Now here was Carlos, who simply looked like a grief-stricken dad. Peña had been skeptical of him at first. When they'd met in November 2018, all she knew was that he was considered such a threat that ICE and Customs and Border Protection had put him in the wing of the Laredo, Texas, jail designated for violent offenders. She'd used her ICE training to poke at his story, searching for inconsistencies, signs he was lying. "Trust but verify" was her guiding principle. She'd gone over his background with him multiple times, his story about why he'd fled El Salvador and his former life as a warehouse manager for an architectural design company. She'd made him retrace his story over and over until she was satisfied.

As a pro bono attorney working for the nonprofit legal group Texas Civil Rights Project, Peña had a growing stack of cases on her desk.
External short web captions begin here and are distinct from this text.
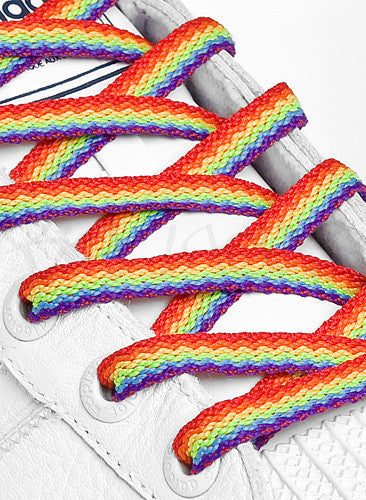 Cassian uses our longest laces in her DMs!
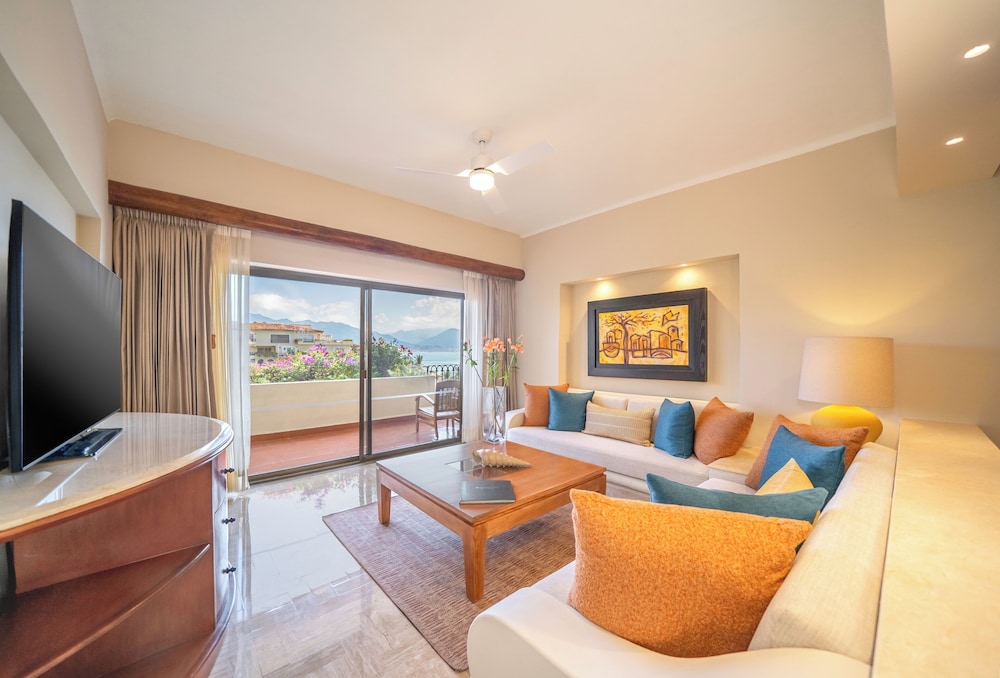Velas Vallarta Suites Resort All Inclusive 85/99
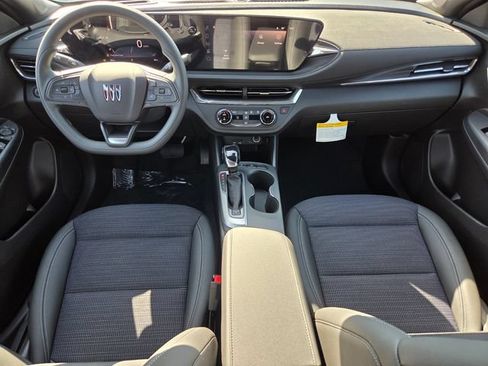 New 2026 Buick Envista Preferred w/ Advanced Safety Package FWD image 7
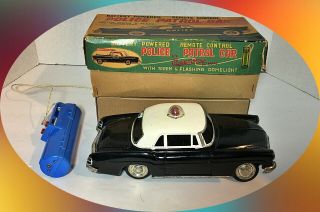 Vintage Cragstan Remote Control Police Patrol Car 684 w/Siren & Flashing Light 2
She'd spent the last six months monitoring "zero tolerance" prosecutions at the courthouse, searching for unlawful separations. Her mandate was simply to reunify Carlos with his children. He was luckier than most; he had her asking questions on his behalf. The majority of migrants who are arrested at the border never see a lawyer, let alone understand how to fight the allegations against them. Carlos was one drop in a river of cases.

But something about his case made her want to dig deeper. What wasn't the government telling them?